> [About this task] Write out exactly the lines from the one that contains "Carl The One-Eyed" down to the last line of the material below, keeping both ends and omitting pictures.

> [Source data]
-=-=-=-=-

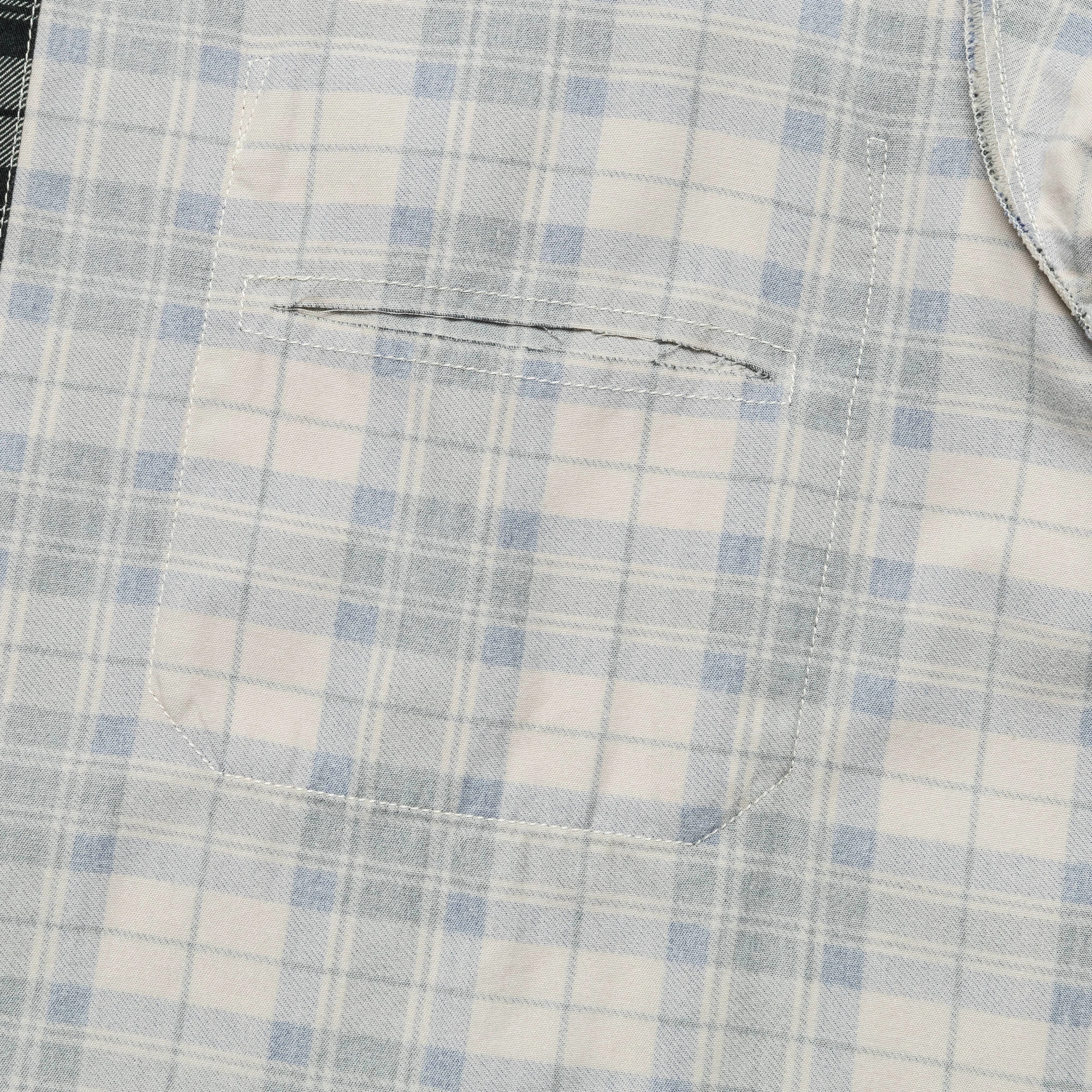 Reversible Checkered Shirt - Black/White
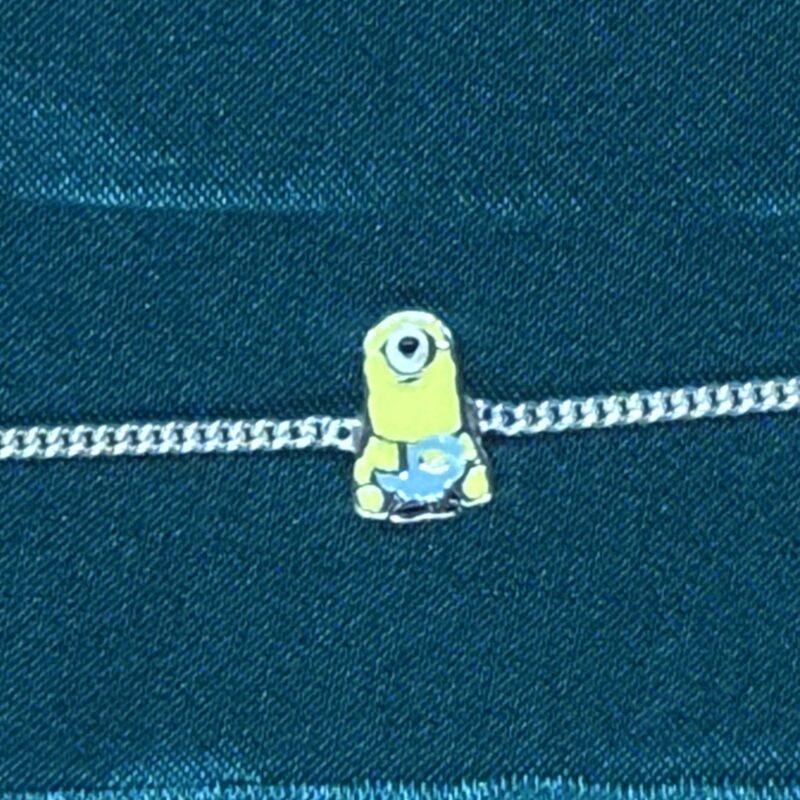 Carl The One-Eyed Minion Silver Rakhi for Kids – Pure 925 Silver - Image 3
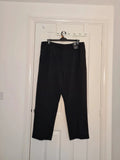 F&F women black double pleat tapered straight leg trousers office formal suit pants 5XL/22R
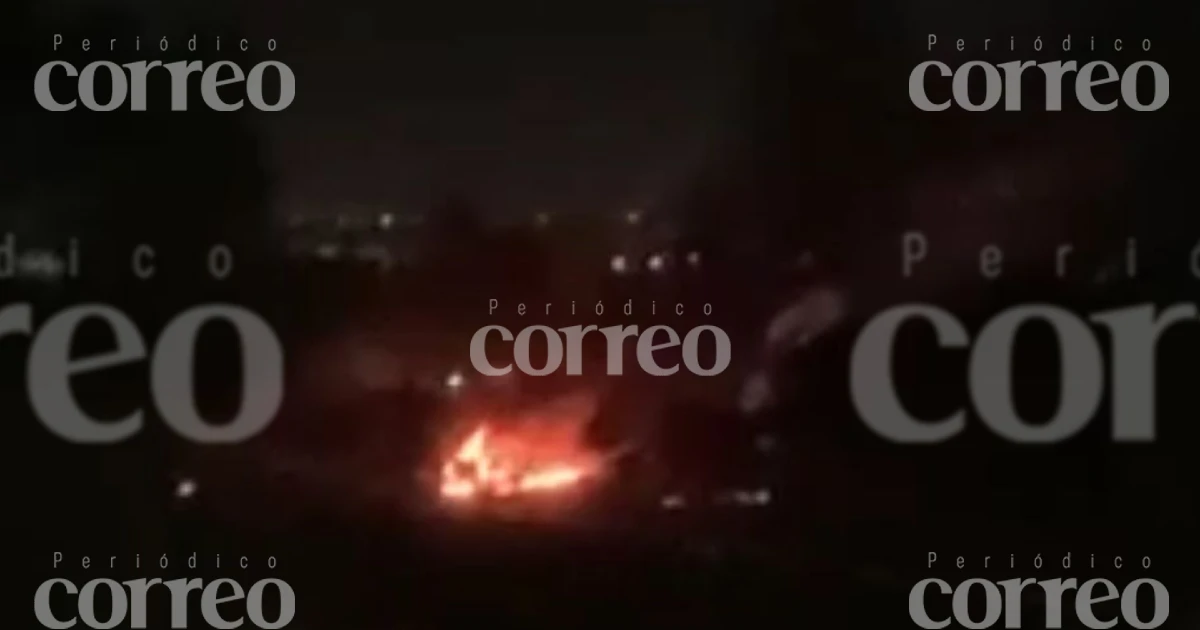 Toma clandestina se incendia en comunidad Hacienda de Márquez de Irapuato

-=-=-=-=-

> [Answer to the exercise]
 Carl The One-Eyed Minion Silver Rakhi for Kids – Pure 925 Silver - Image 3
 F&F women black double pleat tapered straight leg trousers office formal suit pants 5XL/22R
 Toma clandestina se incendia en comunidad Hacienda de Márquez de Irapuato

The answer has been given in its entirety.